## WORK INSTRUCTIONS
Please keep the pictures out and write out exactly the lines from the first in the data below through the one containing "Question number 5.", both included.

Collected data:
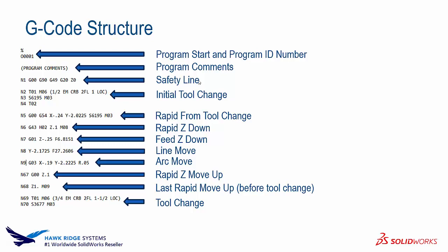In certain machines we might have the program comments and then the safety line. In another machine maybe the program comments are on the safety line or after the safety lines. It can be in different orders and totally different types of code. The post processor has to translate the CAM data into readable code for that specific machine.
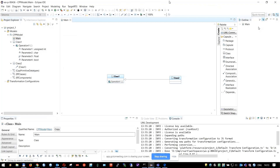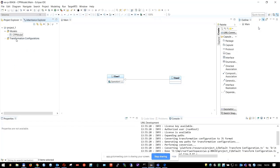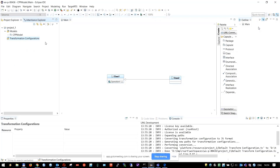Hello, my name is Andrei Kuzmin and I am going to demo some small improvements that we made in this sprint. First of all, we simplified the creation of new transformation configurations.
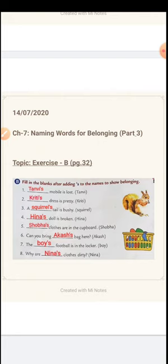Question number 5. The name given in the bracket is Shoba. Shoba possesses something — what is that possession? Clothes. So how do we write this belonging? Shoba apostrophe S. Shoba's clothes are in the cupboard. Number 6. The name given in the bracket is Akash. What belongs to him? Bag. Can you bring Akash's bag here? So we write Akash's bag — A capital, K-A-S-H apostrophe S. This becomes Akash's bag.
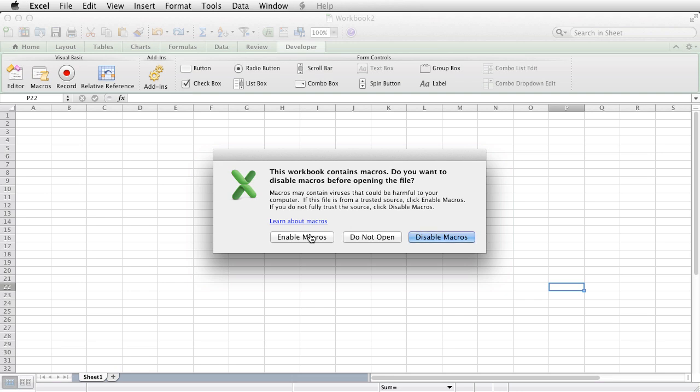If you've written the macros yourself or if the macros have been written by somebody that you trust, then I would recommend always clicking on enable macros, but you never know. If you've downloaded something from the internet, it might be something genuine, but if the macro runs it could do all sorts of nasty things to your computer. So it's always better to have the security message coming up.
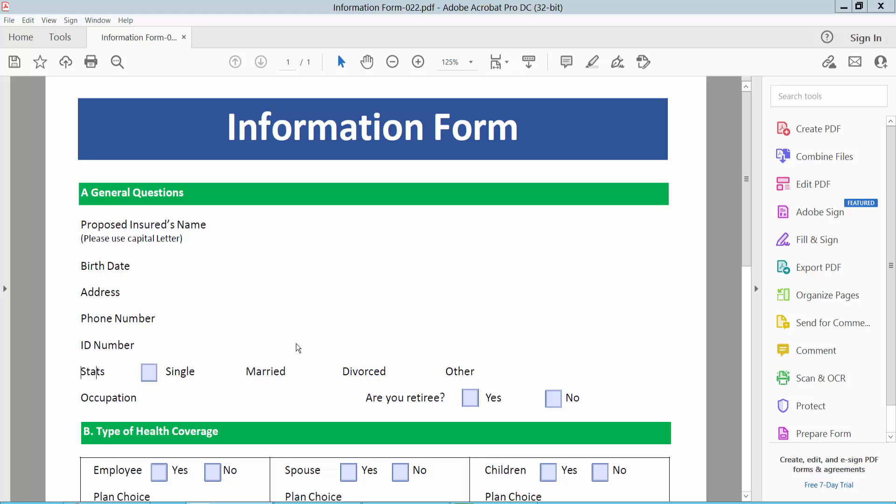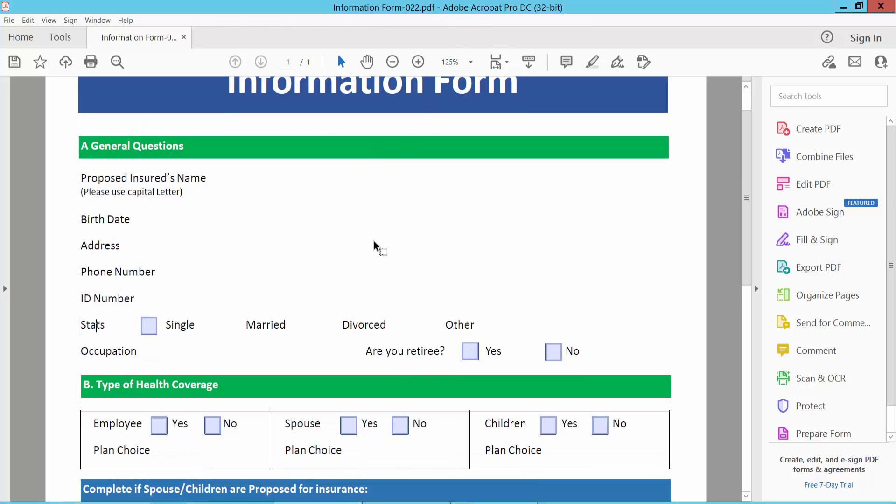Hello everyone, today I will show you how to add a barcode field in PDF using Adobe Acrobat Pro DC. Open your PDF file.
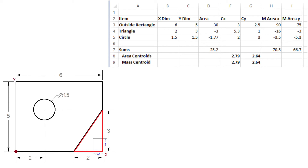So that's how you calculate the centroid of something — it's really not that tough. I definitely recommend you set it up in Excel so that as you go to make changes during your design you can do that easily. Of course if you use SolidWorks or AutoCAD they will do all this for you, so it's much easier, but this is how you do it.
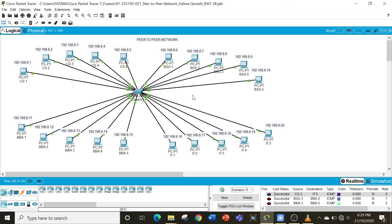I hope you were able to understand how to create a peer-to-peer network and how we can use Cisco Packet Tracer to create such kinds of networks. Thank you.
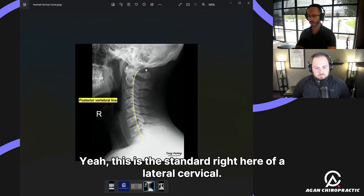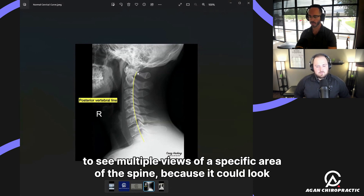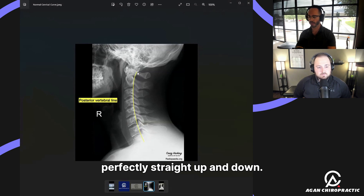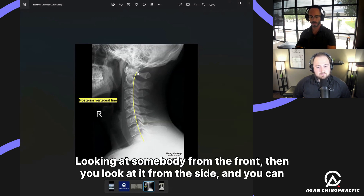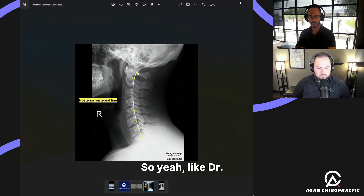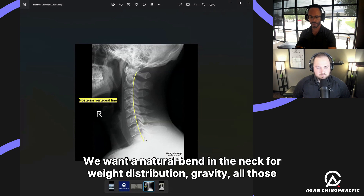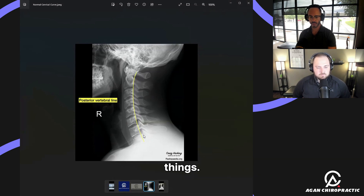This is the standard lateral cervical X-ray, looking at a patient from the side. We often want to see multiple views of a specific area of the spine because it could look perfectly straight from the front, then from the side you can see what we call reversal of the curve. This is textbook normal — we want a natural bend in the neck for weight distribution and gravity.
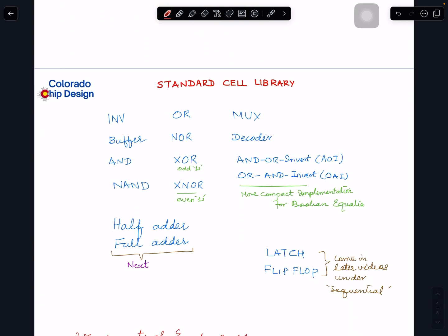Looking at a standard cell library — as I gave an overview in a previous video — in terms of combinational gates it has basic logic gates: inverter, buffer, NAND, NOR, exclusive-OR, exclusive-NOR. It also has some higher-level combinational circuits like multiplexers and decoders. The basic list I'm showing is from the Skywater 130 nanometer open-source technology library.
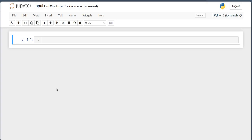Hello friends, welcome back to my YouTube channel. My name is Dinis Natia and today we are going to see a new topic in Python, that is input.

## SOLVED PROBLEM
In certain machines we might have the program comments and then the safety line. In another machine maybe the program comments are on the safety line or after the safety lines. It can be in different orders and totally different types of code. The post processor has to translate the CAM data into readable code for that specific machine.
Hello, my name is Andrei Kuzmin and I am going to demo some small improvements that we made in this sprint. First of all, we simplified the creation of new transformation configurations.
Question number 5. The name given in the bracket is Shoba. Shoba possesses something — what is that possession? Clothes. So how do we write this belonging? Shoba apostrophe S. Shoba's clothes are in the cupboard. Number 6. The name given in the bracket is Akash. What belongs to him? Bag. Can you bring Akash's bag here? So we write Akash's bag — A capital, K-A-S-H apostrophe S. This becomes Akash's bag.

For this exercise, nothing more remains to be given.